10/15/2021 | 04:19pm EST

Item 1.01. Entry into a Material Definitive Agreement.



Eighth Supplemental Indenture


On October 15, 2021, W. P. Carey Inc. (the "Company") completed a public offering (the "Offering") of $350 million aggregate principal amount of the Company's 2.450% Senior Notes due 2032 (the "Senior Notes"). The Company intends to fully allocate an amount equal to the net proceeds from the Offering to the financing and refinancing, in whole or in part, of one or more recently completed or future eligible green projects in the categories outlined in the Company's Green Financing Framework, which is designed to align with the International Capital Markets Association Green Bond Principles 2021. Pending such allocation, the Company may use the net proceeds from the sale of the Senior Notes for the redemption or repayment of certain indebtedness or hold net proceeds in cash, cash equivalents and/or marketable securities, all in accordance with the Company's cash management policy.
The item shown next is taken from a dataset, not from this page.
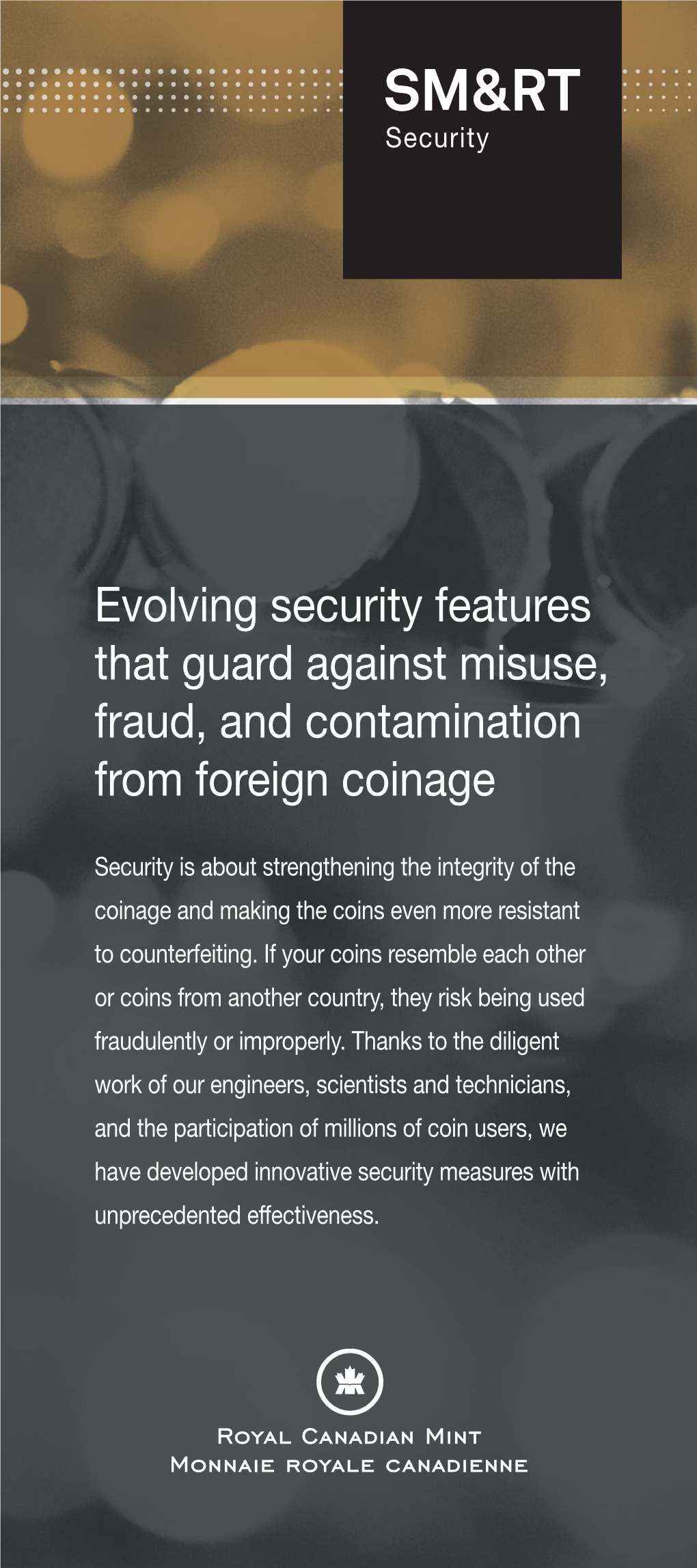 Evolving Security Features That Guard Against Misuse, Fraud, and Contamination from Foreign Coinage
Net proceeds allocated to previously incurred costs associated with eligible green projects will be available for the repayment of debt or other current uses.
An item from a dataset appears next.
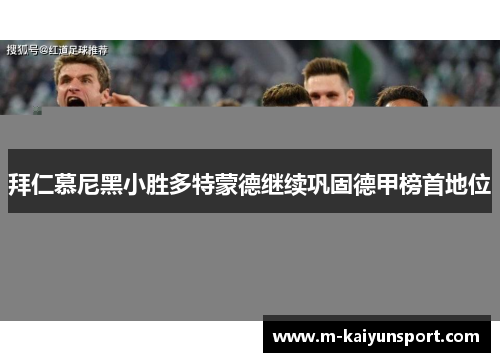 拜仁慕尼黑小胜多特蒙德继续巩固德甲榜首地位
The terms of the Senior Notes are governed by an indenture, dated as of March 14, 2014, between the Company and U.S. Bank National Association, as trustee (the "Base Indenture"), as supplemented and amended by a supplemental indenture thereto, dated as of October 15, 2021 (the "Eighth Supplemental Indenture"), establishing the terms of the Senior Notes.

The Senior Notes were issued pursuant to: (i) the Company's automatic shelf registration statement on Form S-3ASR (Registration No. 333-233159), including the related prospectus dated August 9, 2019; and (ii) a final prospectus supplement relating to the Senior Notes, dated as of October 5, 2021.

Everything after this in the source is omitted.